- What this task involves
Show every line in the entries below where the word "Road" appears.

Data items
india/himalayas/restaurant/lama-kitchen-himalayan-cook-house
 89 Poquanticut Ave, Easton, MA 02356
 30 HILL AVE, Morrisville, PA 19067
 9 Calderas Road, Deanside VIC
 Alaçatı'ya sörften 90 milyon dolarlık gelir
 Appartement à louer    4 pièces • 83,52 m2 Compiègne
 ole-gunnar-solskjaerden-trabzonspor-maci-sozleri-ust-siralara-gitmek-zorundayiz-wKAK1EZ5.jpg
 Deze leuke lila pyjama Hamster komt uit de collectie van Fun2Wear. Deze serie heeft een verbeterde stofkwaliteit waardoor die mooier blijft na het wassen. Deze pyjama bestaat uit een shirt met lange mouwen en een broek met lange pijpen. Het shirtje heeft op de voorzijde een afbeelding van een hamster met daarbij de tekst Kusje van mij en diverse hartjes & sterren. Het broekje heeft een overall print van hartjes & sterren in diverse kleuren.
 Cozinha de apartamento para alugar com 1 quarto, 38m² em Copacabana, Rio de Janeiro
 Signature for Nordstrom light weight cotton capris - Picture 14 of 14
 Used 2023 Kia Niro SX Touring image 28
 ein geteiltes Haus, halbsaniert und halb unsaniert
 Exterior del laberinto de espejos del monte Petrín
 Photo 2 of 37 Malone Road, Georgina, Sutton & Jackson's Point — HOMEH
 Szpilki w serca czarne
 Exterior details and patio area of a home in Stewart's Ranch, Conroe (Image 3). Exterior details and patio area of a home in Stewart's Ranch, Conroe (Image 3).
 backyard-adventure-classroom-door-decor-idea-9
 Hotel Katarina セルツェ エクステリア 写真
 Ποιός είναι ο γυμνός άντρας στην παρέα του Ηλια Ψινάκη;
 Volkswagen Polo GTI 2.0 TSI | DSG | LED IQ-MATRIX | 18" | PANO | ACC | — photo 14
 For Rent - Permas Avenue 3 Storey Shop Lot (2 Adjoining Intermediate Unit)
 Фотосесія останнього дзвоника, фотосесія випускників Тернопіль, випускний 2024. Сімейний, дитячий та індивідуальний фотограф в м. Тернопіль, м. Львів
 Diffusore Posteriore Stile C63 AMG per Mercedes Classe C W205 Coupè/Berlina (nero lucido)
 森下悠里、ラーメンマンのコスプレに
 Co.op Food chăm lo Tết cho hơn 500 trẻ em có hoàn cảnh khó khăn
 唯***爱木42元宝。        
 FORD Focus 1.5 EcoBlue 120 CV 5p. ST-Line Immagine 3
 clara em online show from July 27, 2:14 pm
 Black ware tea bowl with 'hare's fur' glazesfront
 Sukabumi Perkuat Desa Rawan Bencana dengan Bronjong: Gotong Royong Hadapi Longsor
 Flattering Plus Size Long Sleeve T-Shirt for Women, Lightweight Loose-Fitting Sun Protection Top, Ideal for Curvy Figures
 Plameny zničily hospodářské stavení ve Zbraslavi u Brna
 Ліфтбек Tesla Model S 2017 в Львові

- Answer
 9 Calderas Road, Deanside VIC
 Photo 2 of 37 Malone Road, Georgina, Sutton & Jackson's Point — HOMEH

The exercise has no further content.